Now that the warm weather is here to stay in most places around the United States, it's a great time to consider biking to work. If you’re considering commuting by bike, look into participating in your community’s bike-to-work activities this month and consider this advice to help make your two-wheeled commute a success.
Check your equipment
If you’re pulling a bike out of storage and expect to put some major miles on it, you’ll need to make sure it’s in good shape, says Ben Folsom, a senior policy analyst with Citizen Immigration Services. “Have your bike inspected for safety at your nearest neighborhood bike shop,” says Folsom, who has been commuting by bike for the past four years.
“Are the tires inflated? Do you have a spare tube? Are the brakes in working order?” Also, get a good cable lock or U-lock to keep your bike secure while you’re on the job, and consider lights if you’re biking at night, Folsom recommends.
Get a helmet
Not only do you need an up-to-date bike helmet, it needs to fit correctly. “The bike shop can help, but consider the rule of two fingers,” Folsom says. “Around the ears, no more than two in the chin strap and two between your eyebrows and the lid of the helmet. It should sit flat.”
Think of your helmet like a seat belt, says Neil Gussman, who bikes 9 miles from his train to work every day. “If you are hurt in a car accident and were not wearing a seatbelt, you are wrong. Period. If you fall from a bicycle, your head will hit the ground. Wear the helmet or let what would have been an inconsequential spill ruin your life.”
Wear bike-friendly clothes
If you have a long commute, or are able to shower at work, bring your business clothes in a bag. Otherwise, you can dress in clothes that translate to work as well. “I try to wear black pants that won't look dirty if I get grease from the bike chain on them,” says Debra Caruso Marrone of DJC Communications. “Your clothing has to be comfortable, not stiff, so you can move properly.”

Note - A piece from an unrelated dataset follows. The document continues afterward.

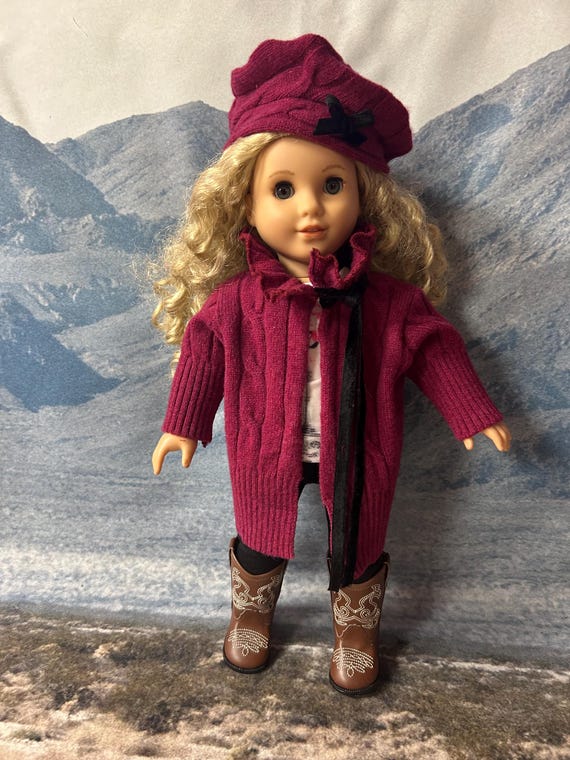 Winter Handmade Pieces Outfit for American Girl Doll 18”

Give your route a trial run
Folsom recommends taking a trial run to work on a Saturday or Sunday to scope out the best way to get there when you’re not pressed for time. Map out bike paths, streets with bike lanes and preferred routes so you don’t get discouraged when you’re trying to get to work during rush hour.
Create a clean-up plan
“You are going to sweat if you ride,” Gussman says. “Be prepared to deal with it when you arrive at work. Some people use wipes, some have access to a shower, but you will have to figure out how to deal with sweat or you won't ride.”
Embrace the benefits
Biking to work can seem like a great idea on a cool spring day, but your enthusiasm might drop on a hot or rainy afternoon. Stick with it; the benefits are worth it, say people who bike regularly to work.
“I bike to work almost everyday for many reasons,” says Reed Daw, who bikes to work at Ice.com in Austin, Texas. “Biking to work is like drinking your morning cup of coffee. It gives me energy to start the day, provides a solid morning workout, is usually faster than driving anyways (traffic is horrible in Austin) and saves a lot of gas. I don't have to worry about finding parking or paying for it and riding my bike in the morning sets myself up for a productive day of work.”
Marrone agrees. “It's been a great experience and I feel that I am getting a workout while I commute, a time saver,” she says. “Plus, I'm saving gas and the the environment (even though it's only a 15 minute bike ride). It's also easy to stop for errands on the way home in the evening.”